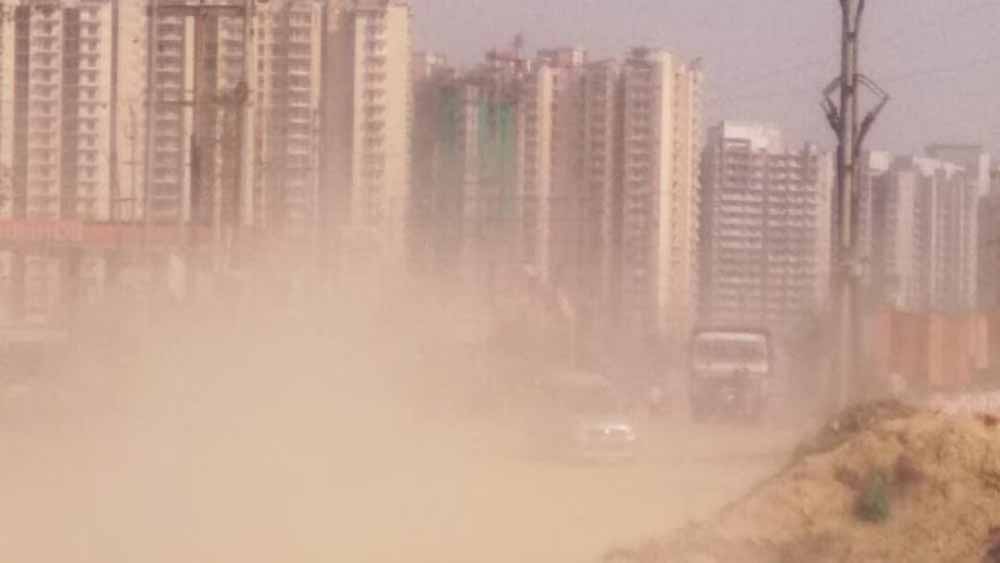 दिवाली से पहले ग्रेटर नोएडा का काला सच: शनिवार को बना देश का सबसे प्रदूषित शहर दिवाली से पहले ग्रेटर नोएडा का काला सच: शनिवार को बना देश का सबसे प्रदूषित शहर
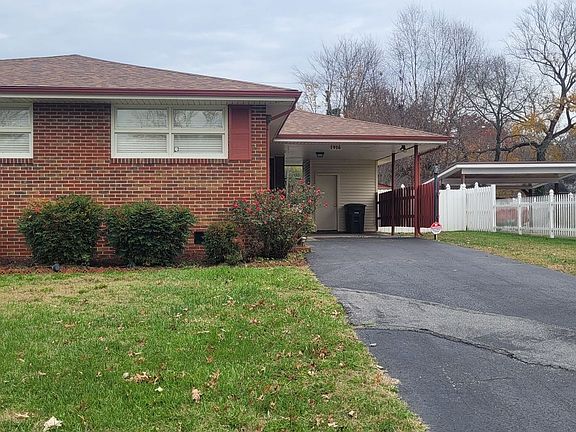 3rd image of 1916 Hermitage Dr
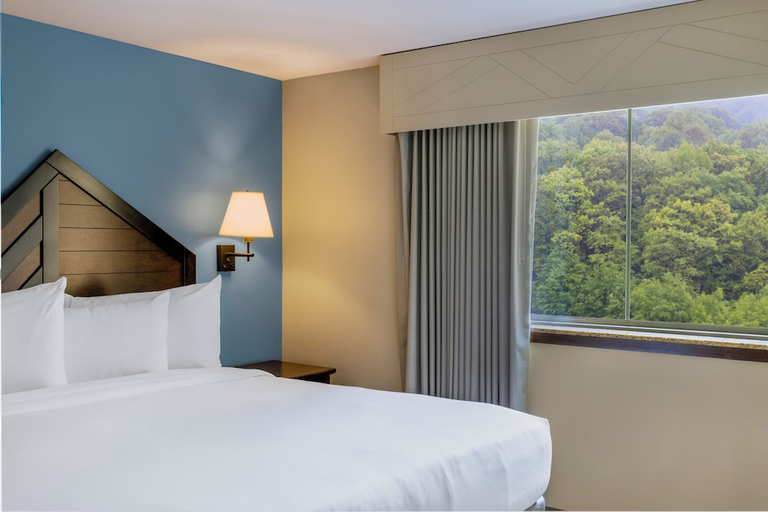 Bedroom 2, Camelback Resort, Monroe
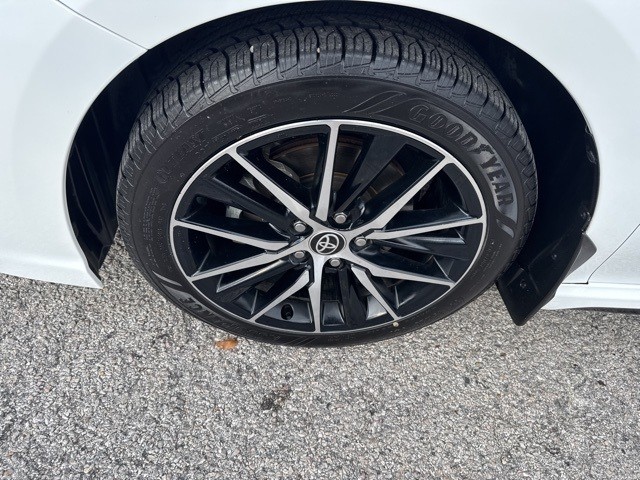 Toyota Camry Vehicle Image 03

◆ Problem requirements ◆
Once the pictures are set aside, please reproduce the remaining material word for word.

◆ Solution ◆
 दिवाली से पहले ग्रेटर नोएडा का काला सच: शनिवार को बना देश का सबसे प्रदूषित शहर दिवाली से पहले ग्रेटर नोएडा का काला सच: शनिवार को बना देश का सबसे प्रदूषित शहर
 3rd image of 1916 Hermitage Dr
 Bedroom 2, Camelback Resort, Monroe
 Toyota Camry Vehicle Image 03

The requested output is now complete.